• TASK MATERIAL:
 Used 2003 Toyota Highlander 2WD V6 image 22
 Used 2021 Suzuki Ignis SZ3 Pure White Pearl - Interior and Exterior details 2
* * *
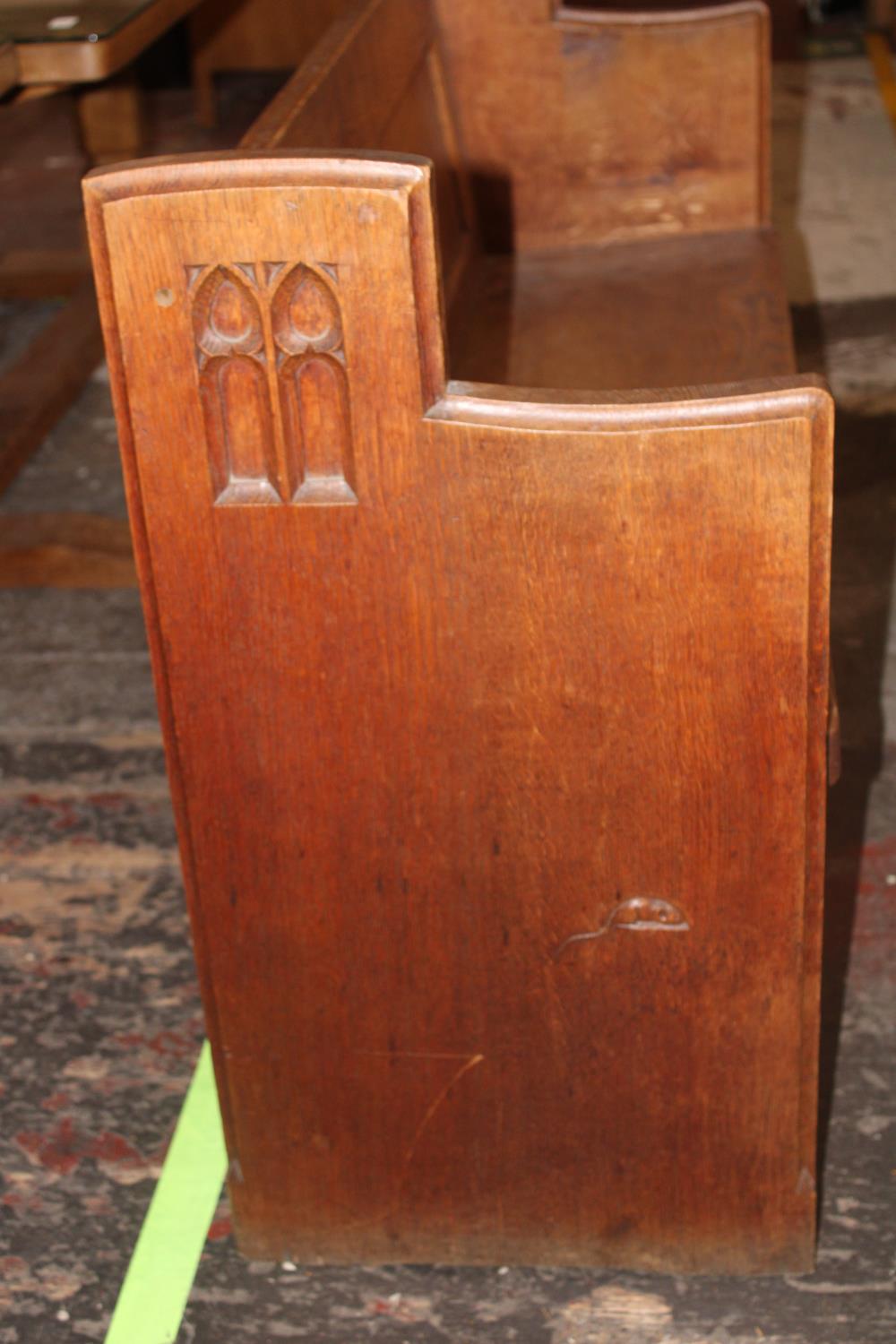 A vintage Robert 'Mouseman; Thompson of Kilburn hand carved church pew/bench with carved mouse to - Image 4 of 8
---
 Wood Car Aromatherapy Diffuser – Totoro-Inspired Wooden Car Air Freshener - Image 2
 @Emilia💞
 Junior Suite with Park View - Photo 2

• PROBLEM: Which lines hold the word "Used"? Copy each of them from the records.

• EXERCISE RESPONSE:
 Used 2003 Toyota Highlander 2WD V6 image 22
 Used 2021 Suzuki Ignis SZ3 Pure White Pearl - Interior and Exterior details 2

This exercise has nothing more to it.